4. Persistence in the atmosphere and ocean

a. Examination of enhanced low-frequency variability

1) Autocorrelations

To examine the persistence of anomalies further, two indices of air temperature anomalies for all months of the year were constructed from model output and observations by averaging together monthly anomalies at several grid points located in the northern and southern centers of maximum variability of EOF1 (see shaded areas in Fig. 4). The data are averaged over slightly different grid points since the centers of maximum dipole variability are not the same in the simulations and observations.
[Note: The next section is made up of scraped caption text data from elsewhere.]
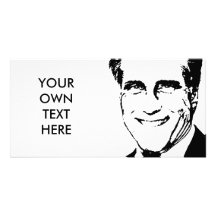Mitt Romney 3 Photocarte Customisée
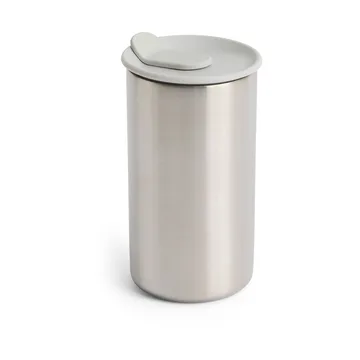 Outdoor Market thermosbeker - Grijs, 350 ml - HAY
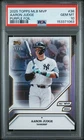 2025 Topps MLB MVP Collection - Aaron Judge / Purple Foil #/75 PSA 10 - No. 38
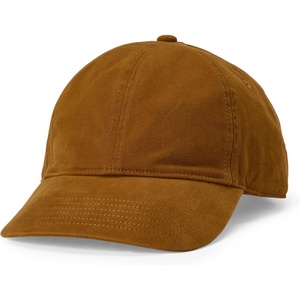 Amazon Essentials Men’s Washed Cotton Baseball Cap(Brown)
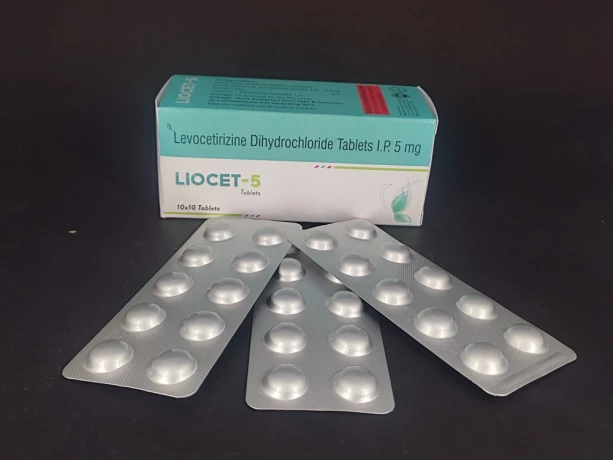 LEVOCETIRIZINE DIHYDROCHLORIDE TABLETS 1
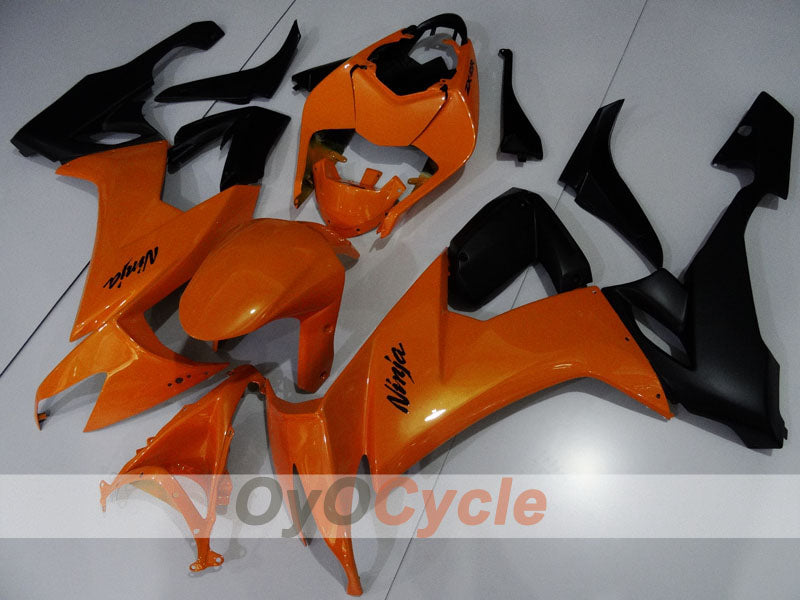 Kit de carenado por inyección para NINJA ZX-10R 08-10 - Naranja, Negro - Estilo de fábrica #OYO87906109 Imagen principal del producto
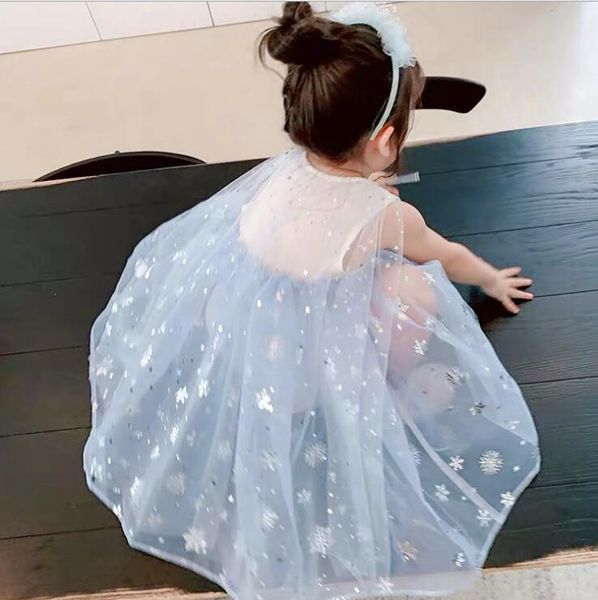 

2020 new girls patchwork dress summer cotton voile fashion girls princess dresses 2-7 years hv139, Red;yellow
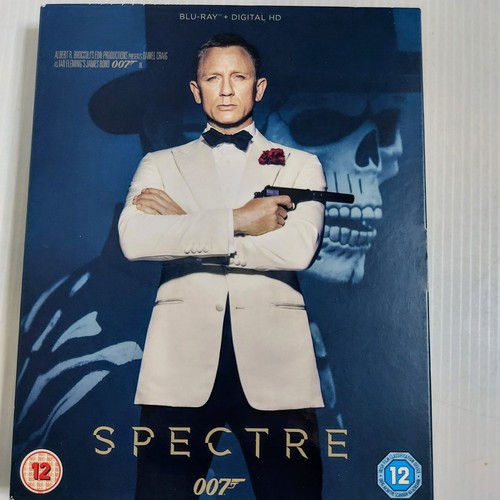 Spectre 007 james - james, blu-ray
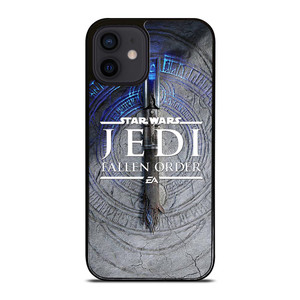 STAR WARS JEDI GAMES LOGO iPhone 12 Mini Case STAR WARS JEDI GAMES LOGO iPhone 12 Mini Case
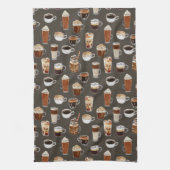 Ventiコーヒーラバーキッチンタオル キッチンタオル (縦)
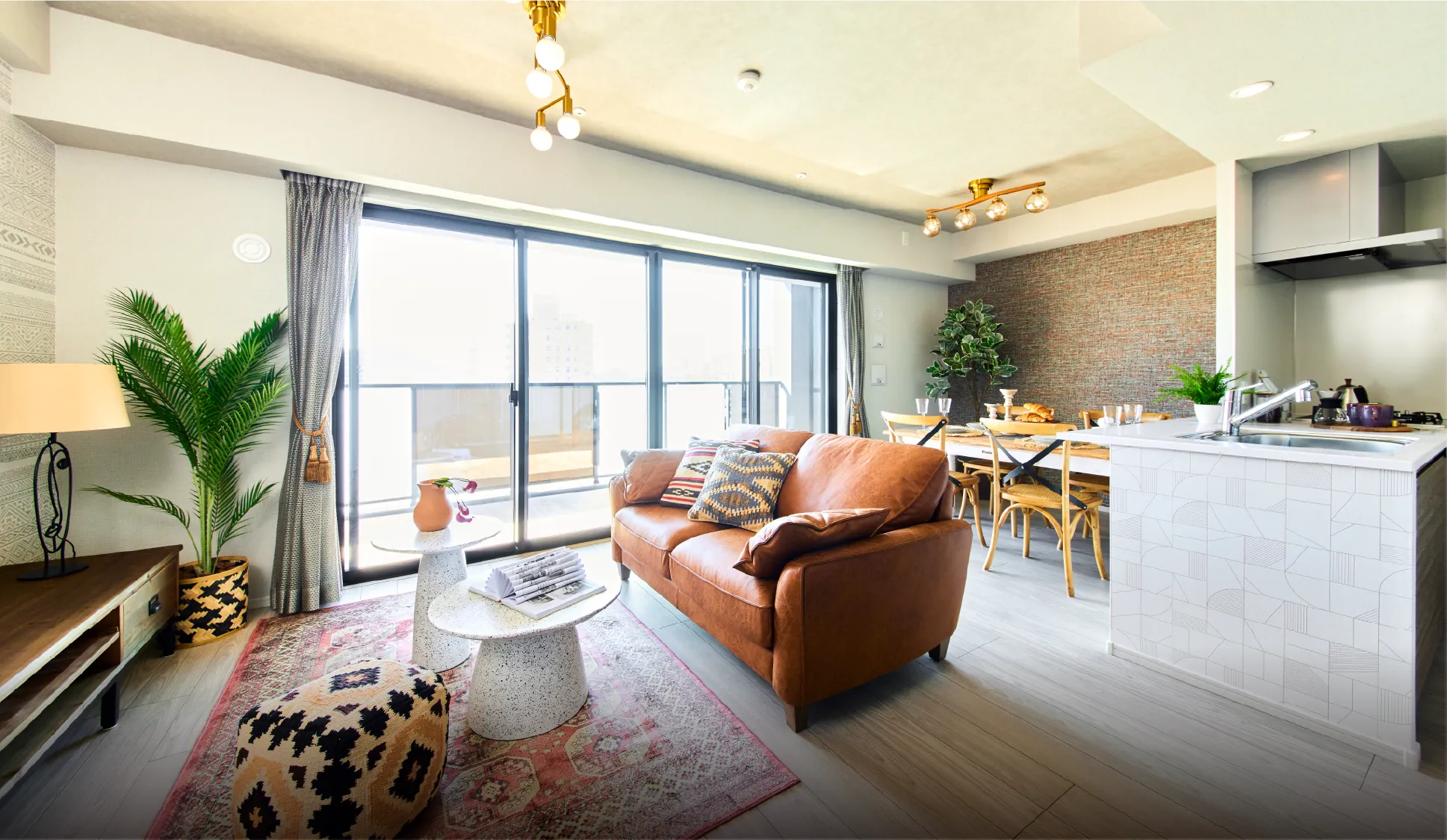 LIVING DINING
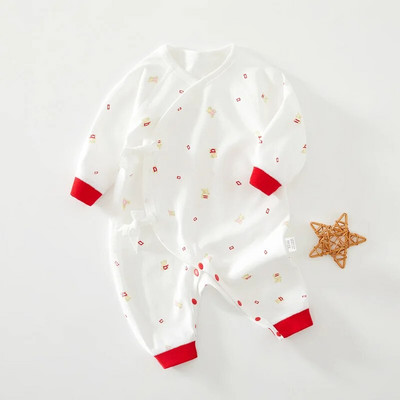 Vankriided vastsündinutele Lühikeste varrukatega Pöördkaelusega Body, Tüdrukutele ja Poistele Väikelaste Suveriided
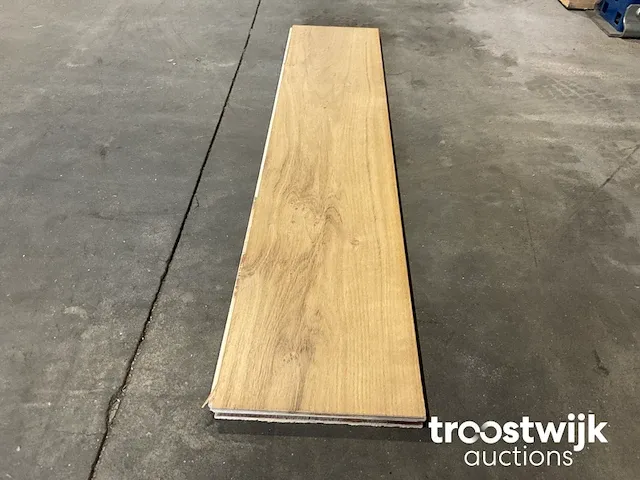 Eiken parket visgraat vloerdelen (ca. 16 m²) - afbeelding 3 van  5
Autocorrelations starting each month were constructed for lags of 0–24 months and a 1–2–1 time filter was applied to reduce noisiness. Figures 7 and 8 display autocorrelations from lag 0 to 15 months for the indices based on the northern and southern centers of high variability, respectively. There are no significant or organized features in the autocorrelations beyond 15 months. Accounting for a reduction of the degrees of freedom due to persistence (Quenouille 1954), we find that at lags of 2–3 (9–10) months, a significance level of 95% is reached for correlations greater than 0.36 (0.42). Autocorrelations that are significantly different at the 90% level in the control and coupled integrations are indicated by the shading in Figs. 7b and 8b.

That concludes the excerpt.